## ACTIVITY:
Would you print the data below exactly, leaving out every picture?

#### INFORMATION SHOWN ####

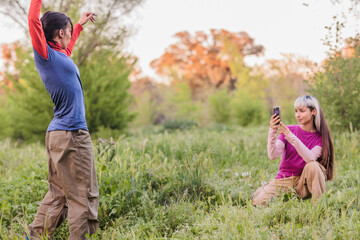 Obraz premium Two young women taking photos in nature preserve enjoying weekend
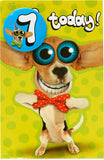 UK Greetings dog with big eyes 7th birthday card featuring a badge, colorful greeting card for children's birthday celebrations.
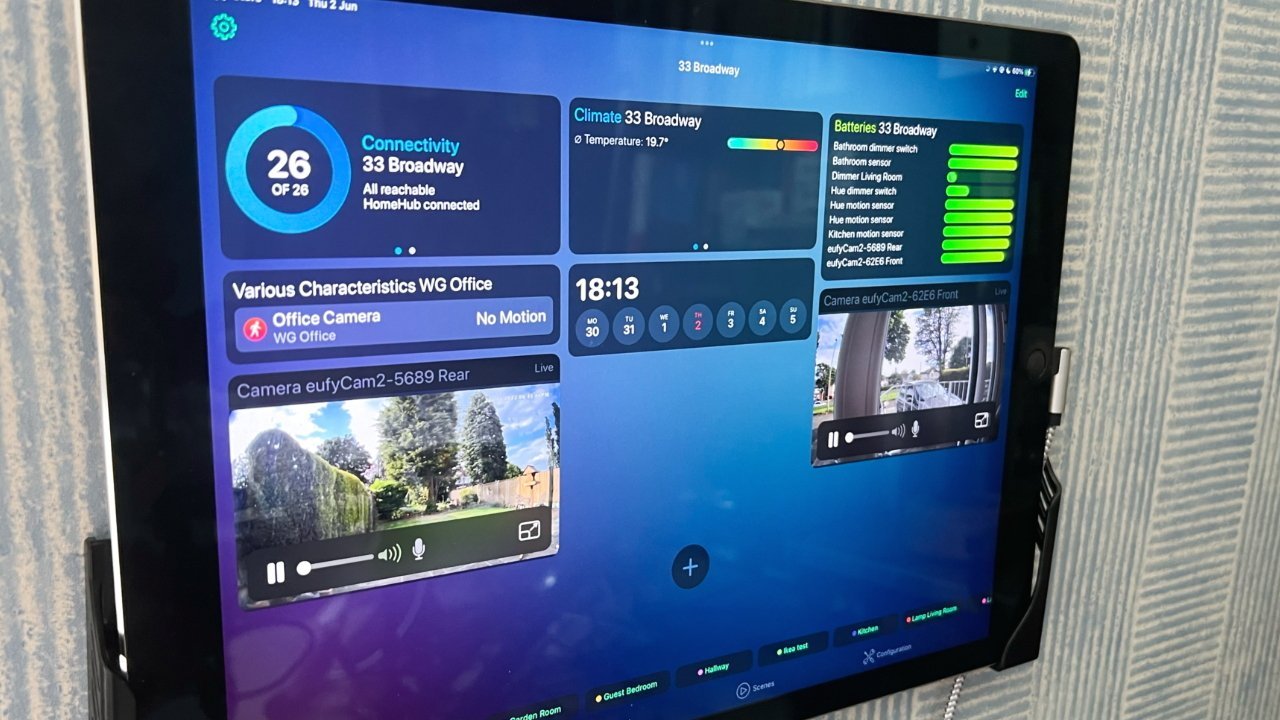 Wall-mounted tablet displaying home automation dashboard with connectivity, climate, and battery status. Live camera feeds show outdoor views. Time and date are visible at center.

####

## ANSWER SPACE:
 Obraz premium Two young women taking photos in nature preserve enjoying weekend
 UK Greetings dog with big eyes 7th birthday card featuring a badge, colorful greeting card for children's birthday celebrations.
 Wall-mounted tablet displaying home automation dashboard with connectivity, climate, and battery status. Live camera feeds show outdoor views. Time and date are visible at center.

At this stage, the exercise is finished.